Bradken hires BCG to support weathering of mining downturn

06 May 2016 2 min. read

Australian-based Bradken, a heavy engineering and mining services firm, find themselves under increased pressure as commodity prices plummet and global demand slows. In a bid to improve its position, the company has brought in new leadership and has turned to the Boston Consulting Group to streamline its business.

Bradken is an Australian based company, founded in 1922. The company manufactures products, particularly capital heave ones, for the mining, transport, general industrial and contract manufacturing markets. The company employs around 4,000 people globally, and has 52 manufacturing, sales and service facilities throughout the ten countries in which it has a footprint. The company recently saw a new boss arrive at the top, Paul Zuckerman, who took over the reins at the start of this year.

Changes in commodity prices, following a slowdown in major emerging markets, has seen a range of extraction sectors being hit hard. The commodity metal price index, for instance, fell by 40% between 2011 and 2015. This drop has had the further consequence of laying waste to around 30% of capacity that is unprofitable at current market conditions. While many extraction companies sit on large cash reserves, cost, working capital and CAPEX optimisation programmes have also been implemented to limit dipping into reserves as companies seek to survive in the low price environment.

One of the consequences is that tier-2 suppliers to the mining industry are seeing reduced demand for capital expenditures in large equipment and related products, among others. So too has Bradken, a leading supplier, found itself in a precarious position.

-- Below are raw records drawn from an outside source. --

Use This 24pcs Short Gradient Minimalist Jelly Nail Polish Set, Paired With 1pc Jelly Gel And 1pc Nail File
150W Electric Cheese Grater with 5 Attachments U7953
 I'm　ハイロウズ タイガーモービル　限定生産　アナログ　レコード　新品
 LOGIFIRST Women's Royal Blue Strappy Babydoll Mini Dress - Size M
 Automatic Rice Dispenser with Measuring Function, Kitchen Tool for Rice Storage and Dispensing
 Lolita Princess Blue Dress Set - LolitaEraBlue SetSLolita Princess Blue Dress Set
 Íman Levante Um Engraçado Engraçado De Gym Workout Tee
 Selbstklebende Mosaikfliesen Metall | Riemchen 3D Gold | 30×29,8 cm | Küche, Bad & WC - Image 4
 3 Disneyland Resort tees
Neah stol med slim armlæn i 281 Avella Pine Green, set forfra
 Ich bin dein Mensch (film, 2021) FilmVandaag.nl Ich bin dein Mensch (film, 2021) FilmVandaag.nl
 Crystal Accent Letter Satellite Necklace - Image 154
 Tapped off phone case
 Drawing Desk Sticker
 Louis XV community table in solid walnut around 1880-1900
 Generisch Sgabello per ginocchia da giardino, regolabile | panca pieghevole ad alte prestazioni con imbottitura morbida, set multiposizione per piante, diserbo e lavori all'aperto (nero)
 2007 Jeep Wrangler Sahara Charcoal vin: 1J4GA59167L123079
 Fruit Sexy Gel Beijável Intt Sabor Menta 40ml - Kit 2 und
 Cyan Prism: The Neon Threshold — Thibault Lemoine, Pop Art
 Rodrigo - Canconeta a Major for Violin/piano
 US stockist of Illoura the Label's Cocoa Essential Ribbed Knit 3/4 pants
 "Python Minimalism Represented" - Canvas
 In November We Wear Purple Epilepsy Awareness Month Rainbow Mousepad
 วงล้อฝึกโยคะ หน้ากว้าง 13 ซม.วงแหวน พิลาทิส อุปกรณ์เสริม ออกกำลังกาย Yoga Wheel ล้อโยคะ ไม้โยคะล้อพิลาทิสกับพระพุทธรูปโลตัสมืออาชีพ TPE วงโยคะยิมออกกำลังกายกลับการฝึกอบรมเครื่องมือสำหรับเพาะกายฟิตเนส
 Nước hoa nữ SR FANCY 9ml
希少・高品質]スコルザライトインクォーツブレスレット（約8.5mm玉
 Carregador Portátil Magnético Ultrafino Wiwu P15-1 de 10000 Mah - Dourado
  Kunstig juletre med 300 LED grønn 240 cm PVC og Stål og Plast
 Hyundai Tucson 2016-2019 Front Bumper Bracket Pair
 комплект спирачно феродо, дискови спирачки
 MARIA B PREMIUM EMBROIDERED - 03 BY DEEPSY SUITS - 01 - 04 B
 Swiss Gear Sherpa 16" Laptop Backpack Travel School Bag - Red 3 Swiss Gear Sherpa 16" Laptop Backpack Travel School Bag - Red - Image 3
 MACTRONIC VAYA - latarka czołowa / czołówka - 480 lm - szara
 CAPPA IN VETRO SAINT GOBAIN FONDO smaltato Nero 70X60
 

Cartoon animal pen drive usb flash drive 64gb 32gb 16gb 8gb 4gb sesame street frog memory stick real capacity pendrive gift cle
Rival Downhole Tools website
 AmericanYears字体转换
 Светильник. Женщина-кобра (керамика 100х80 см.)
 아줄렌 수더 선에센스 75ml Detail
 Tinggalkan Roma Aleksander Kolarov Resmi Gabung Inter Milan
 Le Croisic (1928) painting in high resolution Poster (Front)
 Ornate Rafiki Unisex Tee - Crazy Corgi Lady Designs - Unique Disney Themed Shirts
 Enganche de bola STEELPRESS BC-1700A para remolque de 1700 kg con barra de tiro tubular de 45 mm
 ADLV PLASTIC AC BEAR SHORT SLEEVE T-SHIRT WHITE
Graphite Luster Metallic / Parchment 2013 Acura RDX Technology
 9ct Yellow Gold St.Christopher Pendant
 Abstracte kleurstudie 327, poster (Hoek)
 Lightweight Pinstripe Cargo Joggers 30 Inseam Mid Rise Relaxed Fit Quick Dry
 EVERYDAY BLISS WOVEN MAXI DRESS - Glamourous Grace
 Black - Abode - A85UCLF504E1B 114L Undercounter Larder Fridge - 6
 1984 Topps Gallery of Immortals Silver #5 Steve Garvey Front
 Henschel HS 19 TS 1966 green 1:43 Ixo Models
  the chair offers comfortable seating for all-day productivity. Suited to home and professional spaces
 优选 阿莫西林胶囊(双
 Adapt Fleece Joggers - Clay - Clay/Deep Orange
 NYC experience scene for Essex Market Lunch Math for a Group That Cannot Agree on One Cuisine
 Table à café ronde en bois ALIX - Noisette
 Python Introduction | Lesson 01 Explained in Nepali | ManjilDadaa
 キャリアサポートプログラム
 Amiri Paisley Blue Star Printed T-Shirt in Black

The hire of Zuckerman, in part, reflects the company’s search for a turnaround. To bring in wider expertise to create pathways out of the company’s current predicament, Zuckerman has tapped The Boston Consulting Group to undertake a review of the company. The initial review of the consultants focuses on supply-chain savings and back-end cost rationalisation, although it may also involve a wider strategic review based on market projections.